Each one requires the user to use that system, nearly exclusively, for knowledge—creation, sharing, reusing. But knowledge is inherent in everything knowledge workers do, and the last thing they want or need is yet another system to learn, go to, create stuff in, find stuff in, and leave, so they can get back to work. Experience (and research) proves that most just won’t use it.
A number of the KM systems reviewed include microblogs/collaboration apps. And yet, everyone tugs at the knowledge worker to use their system of choice as the corporate standard. The marketing and sales teams, and maybe customer service, want everyone to use Salesforce Chatter. IT wants everyone to use Yammer. But everyone really wants to use Twitter and LinkedIn, and maybe Google Docs. Now here comes KM with yet another system. What happens is that different people will use different systems.
A colleague shared this stat with me, from the Worldwide Intranet Challenge: Approximately 90% of staff do not regularly contribute to the intranet, [and] more than 50% never do. That’s because people work in the systems that they work in, they don’t go somewhere else, like the Intranet, to “create knowledge.”
Knowledge creation is simply a by-product of work (which is done by engaging with other knowledge, information, and people). We need to capture it in the flow of work, in the systems people choose to use, and make it broadly available where they work.
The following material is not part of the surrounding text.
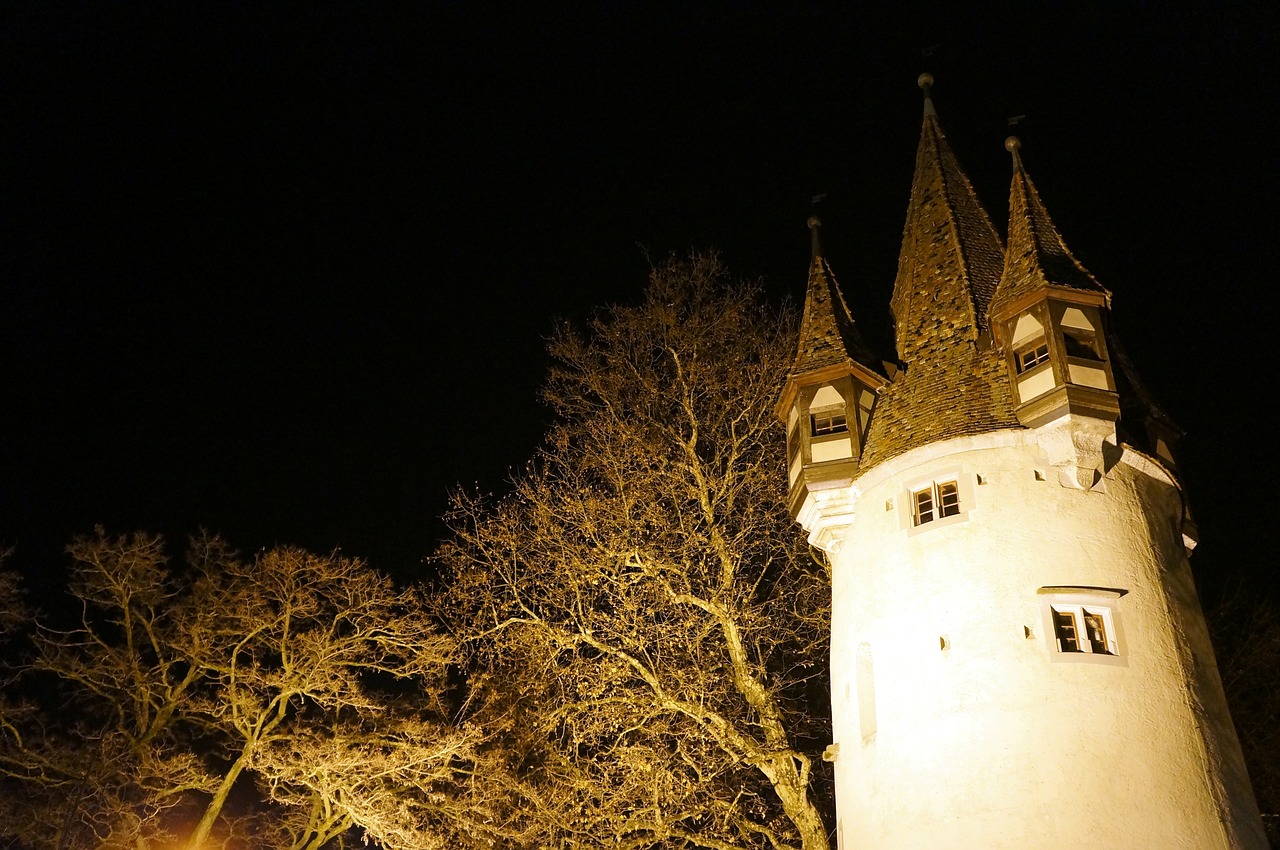 night tree building free photo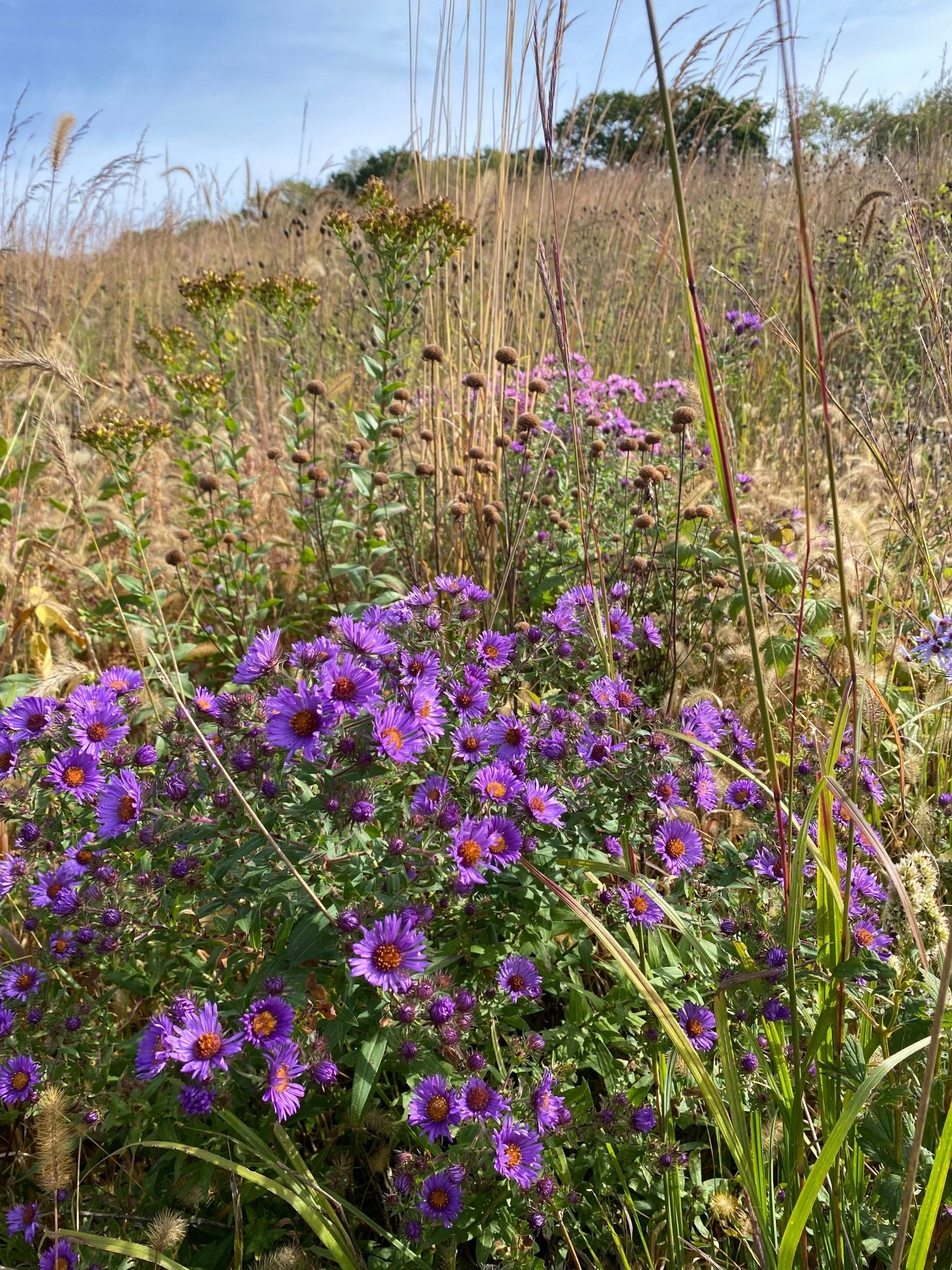 Native Grass & Wildflower Refuge - Hale Habitat & Seed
There is certainly a place for curated knowledge in a system of record, but it is part of the overall knowledge and information ecosystem, not the exclusive holder of it.
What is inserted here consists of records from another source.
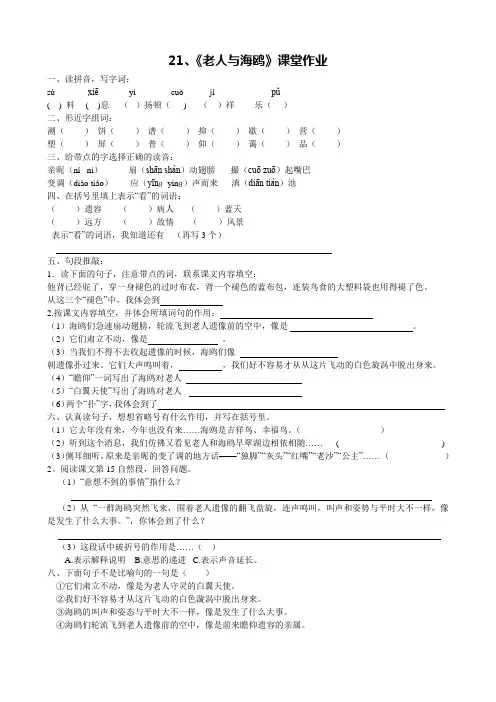 1-21、《老人与海鸥》课堂作业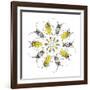 Circular design with Long Horn Beetles.-Darrell Gulin-Framed Photographic Print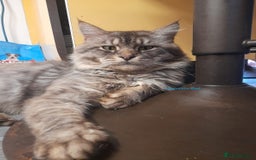 Maine Coon cats for sale: Adorable Kitten Looking for a Forever Home! 🏡 - Image 8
Knowledge sharing must also become part of our work-flow, when it’s relevant to us and our colleagues, and via the systems we choose. It should simply appear related to and based on what we are doing. A law-journal article published this week about the future of knowledge management termed this capability Artificial Intelligence (AI). I’m not sure it’s reached that level yet; it’s called Predictive Knowledge or Predictive Intelligence, depending on the group using it. I don’t blame the person who was quoted, because the experience does seem like magic. In reality what happens is that the user and his or her context become the query, so no search is conducted overtly, it’s all done in the background, invisible to the user. The knowledge worker simply sees relevant content and experts recommended by the system, based on the work she or he is doing.
It sounds simple, but there are several components necessary to enable this type of Predictive Knowledge. Key to user adoption, and setting the stage for program success, is an interface layer that may be configured to reflect how people work, and appear within the systems they work in most. Rather than making people go to a knowledge system to do “knowledge work,” the knowledge comes to them, in the places they prefer, in the flow of their work.
Other requirements include broad connectivity, a virtual information integration (unified index), analytics, and a relevance engine that is open to administrators to tune, and takes in clues about people’s interactions with data to make it ever more relevant.
Sounds like magic, but today it’s reality.
Where do you see the biggest impact of Predictive Knowledge?